Relations structures / propriétés
Les propriétés des PAEK dépendent de deux paramètres majeurs: le taux de cristallinité et la nature du squelette carboné. La cristallinité est influencée par le mode de synthèse, le procédé de mise en forme et la nature du squelette. Ce squelette influe sur les propriétés des PAEK selon deux points :
– le rapport en nombre des motifs éthers / cétones
– la substitution des groupements aromatiques avec des jonctions méta et para.
Influence des motifs éthers et cétones
La proportion de motifs cétone et éther dans le squelette carboné a un impact sur les propriétés thermiques et la cristallisation des PAEK. Une fonction éther est plus flexible qu’une fonction cétone car elle possède une barrière énergique plus faible favorisant les rotations.
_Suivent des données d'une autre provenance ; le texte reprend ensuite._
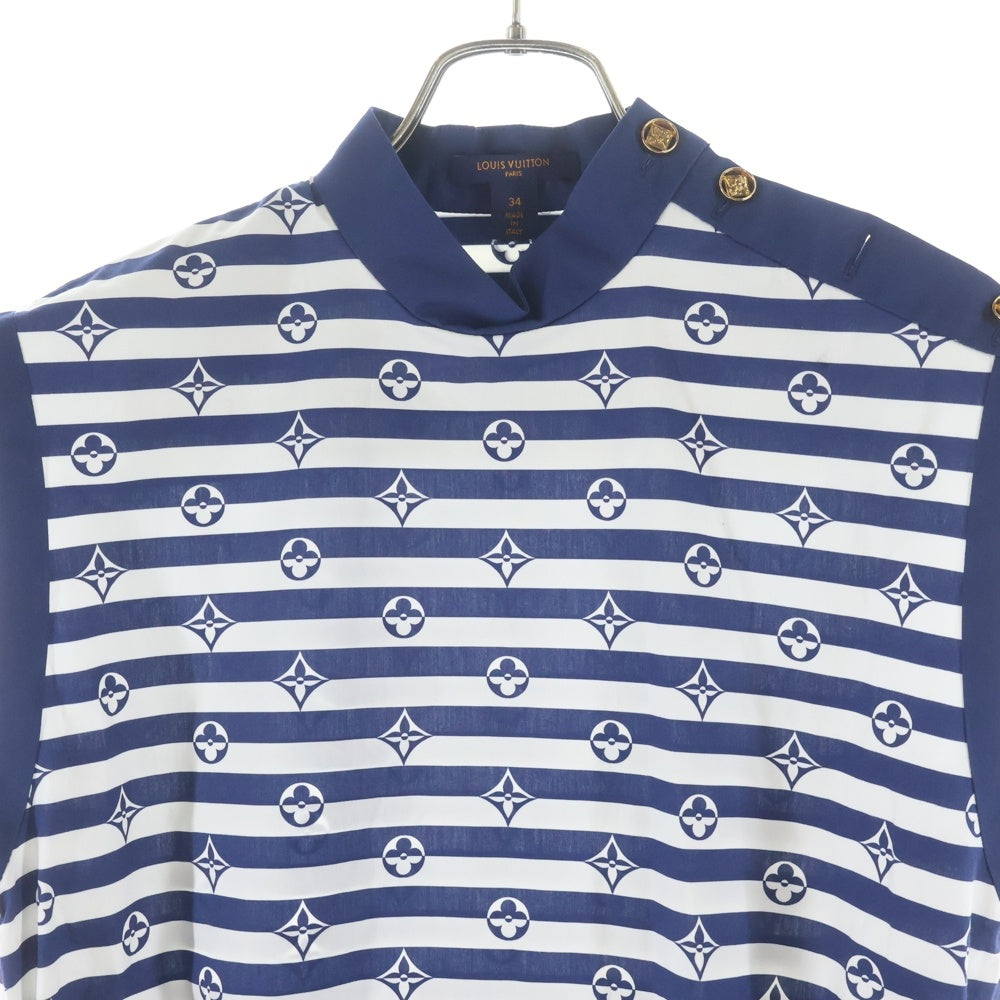 LOUIS VUITTON(ルイヴィトン) 20AW モノグラムコットンノースリーブベルト付きワンピース RW202W VSX FJDR13 ブルー/ホワイト レディース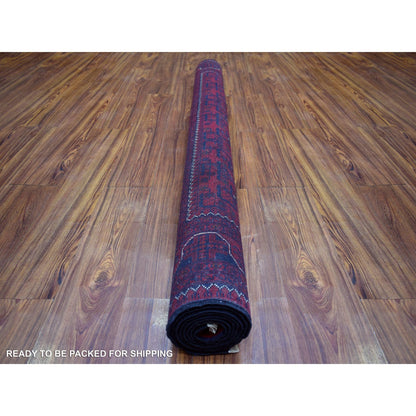 5'5"X7'8" Deep Red Afghan Khamyab Soft And Shiny Wool Hand Knotted Rug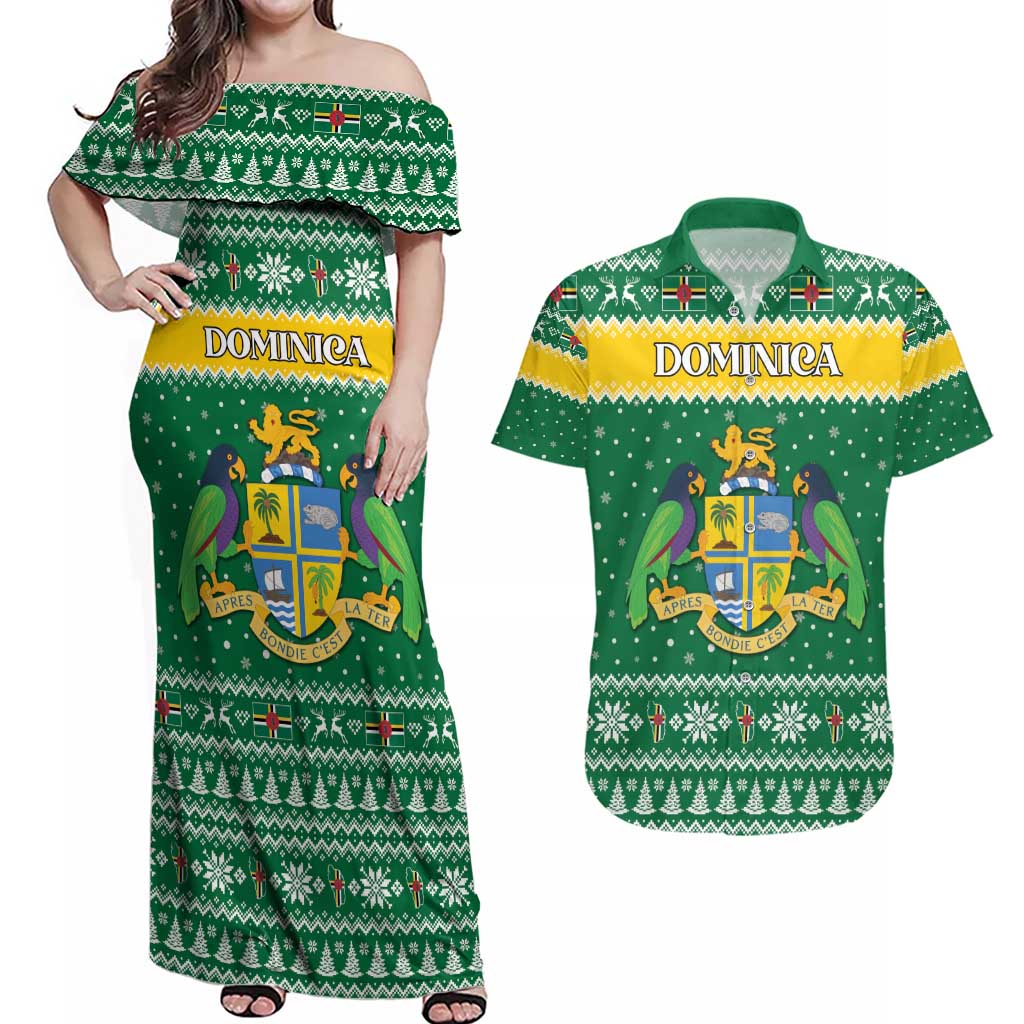 Personalized Dominica Christmas Couples Matching Off Shoulder Maxi Dress and Hawaiian Shirt Coat of Arms Style - Wonder Print Shop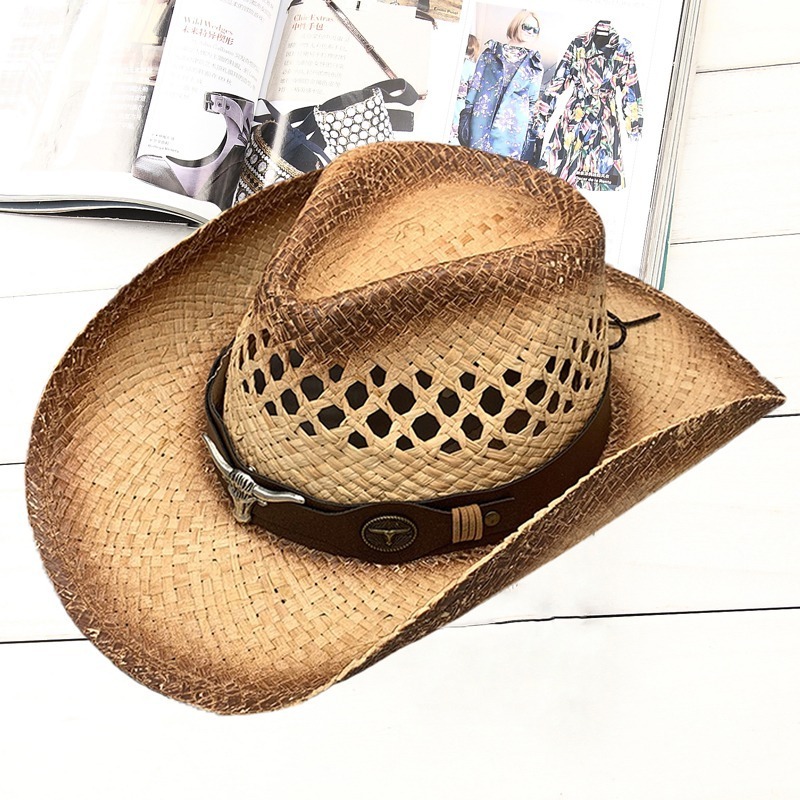 wholesale custom unisex cowboy hat man women  adults straw hats wide brim fashion cowgirl hat China manufacture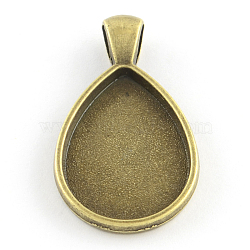 Tibetan Style Teardrop Alloy Pendant Cabochon Settings, Plain Edge Bezel Cups, Cadmium Free & Nickel Free & Lead Free, Antique Bronze, Tray: 25x18mm, 36.5x21x3mm, Hole: 7x4mm, about 216pcs/1000g(TIBEP-Q051-36AB-NR)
Lorsque la proportion de fonctions cétone augmente, la chaîne devient plus rigide ce qui augmente la Tg et la Tf .
Influence de l’introduction de copolymères
L’un des enjeux majeurs dans le domaine des polymères hautes performances est l’augmentation de la température de transition vitreuse afin d’avoir des températures de services des matériaux composites toujours plus élevées. Dans ce but, la synthèse de copolymères de PAEK est très largement étudiée avec des blocs poly(éthersulfone) (PES), polyamide (PA) ou bien polyimide (PI). L’incorporation de ces fonctions engendre également une diminution de la Tf des polymères. Ceci peut être un avantage du point de vue du procédé avec une fenêtre plus large entre la fusion et la dégradation des matériaux.
Dans le cas de copolymères PAEK/PES, les groupements sulfone réduisent le caractère cristallin au profit de l’amorphe du fait de la morphologie désordonnée des PES (Tg de l’ordre 225°C). Ceci se traduit par une augmentation de la Tg alors que la Tf et le degré de cristallinité (χc) diminuent .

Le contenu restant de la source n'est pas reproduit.